Milwaukee County Sheriff David Clarke Jr., Trump’s likely nominee to head Homeland Security, has advocated for holding Americans suspected of terrorism “indefinitely” at the Guantanamo Bay prison.
Yesterday, President-elect Donald Trump met with David Clarke, the controversial sheriff of Milwaukee County, at Trump Tower as he and his transition team work to fill out the remaining Cabinet positions in his upcoming administration.
Clarke has been reported to be Trump’s likely pick for the leading role at the Department of Homeland Security, which oversees immigration enforcement, the Secret Service, the TSA, the Coast Guard, and FEMA. Though many of Trump’s selected and potential cabinet picks have caused alarm among his detractors, Clarke may be one of the most controversial figures vying for a cabinet position.
Clarke, an African-American, became a hero among conservatives largely due to his scathing criticisms of the anti-police brutality group Black Lives Matter. Clarke has referred to the nationwide movement as both “vile” and “slimy” while also blaming it for a string of recent police murders. Clarke has also praised the acquittal of police officers involved in very well-known cases of police brutality against African-Americans, such as the acquittal of an officer involved in the death of Freddie Gray.
However, Clarke’s most alarming positions relate to his views on how to best tackle terrorism. As the Department of Homeland Security was essentially formed to prevent terror attacks within the US following the September 11th attacks, Clarke, if appointed, would essentially direct the government’s response to domestic terror threats.
In his upcoming memoir, “Cop Under Fire: Moving Beyond Hashtags of Race, Crime and Politics for a Better America,” Clarke argues for treating any and all American citizens suspected of terrorism as “enemy combatants,” denying them their right to an attorney, and trying them in military tribunals as opposed to civilian courts. He has also advocated for detaining suspects indefinitely, which is already legal under US law thanks to the NDAA’s indefinite detention clause.
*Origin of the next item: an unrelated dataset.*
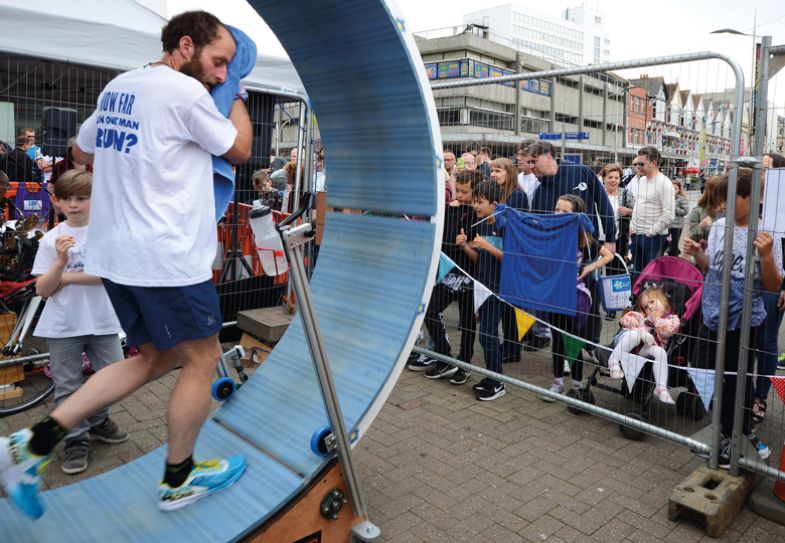 Person running in a a six feet diameter wooden 'hamster wheel' in Southend, UK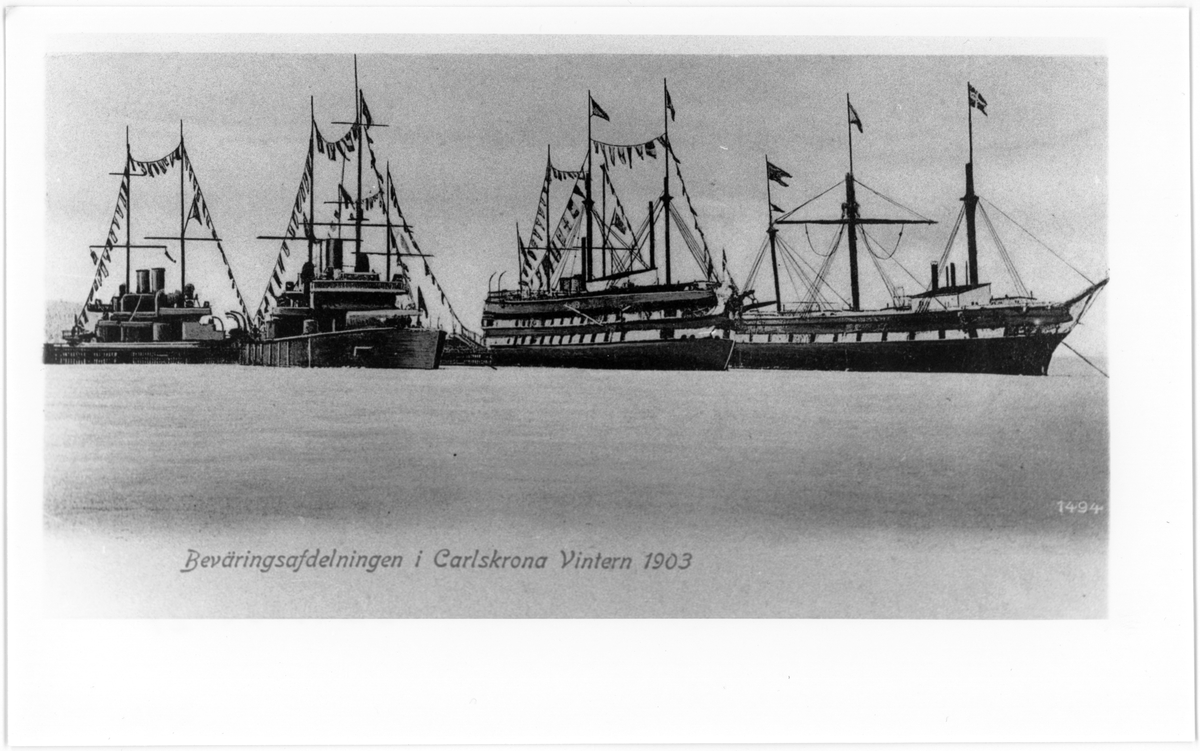 Bilden visar fyra svenska örlogsfartyg som ligger förtöjt bredvid varandra i Karlskronas hamn vinter 1903. Mellan fartygen syns den gamla klaffbron. De två segelfartyg är nedriggade och ombyggd till logementsfartyg. Alla fartyg är flaggad.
However, if Clarke is appointed, it seems likely that it would be utilized more frequently than it has been under the Obama administration.
Equally concerning is Clarke’s call to round up Americans who sympathize with terrorists or their causes, whether verbally or via social media, and to ship them to the US’ offshore prison in Guantanamo Bay. The controversial prison on Cuban soil has been a contentious issue in US politics for years and was also one of Obama’s many undelivered campaign promises in the 2008 election. However, Clarke has made it very clear that he wants to greatly expand the Guantanamo Bay prison, which has never held more than 800 prisoners and currently holds 149. On his radio show in December of last year, Clarke said that his proposals on combating terrorism would allow him to imprison up to 1 million people in the facility.
The problem with this is that the terms “terrorism” and “terrorist sympathizer” are all very difficult to define.
Currently, Homeland Security includes a number of very common behaviors and activities as being suspicious and potentially related to terrorism. Ironically, many of these activities/behaviors could implicate a large number of Trump supporters as potential domestic terrorists. They include: the expression of libertarian philosophies, supporting the 2nd amendment, being a “prepper,” believing in survivalism or self-sufficiency, fear of economic collapse, expressed fears of big government or “Big Brother,” and religious views concerning the book of Revelation (i.e. most Christians).
Other “warning signs” include homeschooling, being anti-vaccine, and believing in the New World Order or other “conspiracy theories.” According to Rand Paul, having more than 7 days of food in your own home can make you a target. If Clarke is selected, his extreme views on how to handle “terrorists” could end up targeting liberals and conservatives alike, as well as those who find themselves somewhere in between.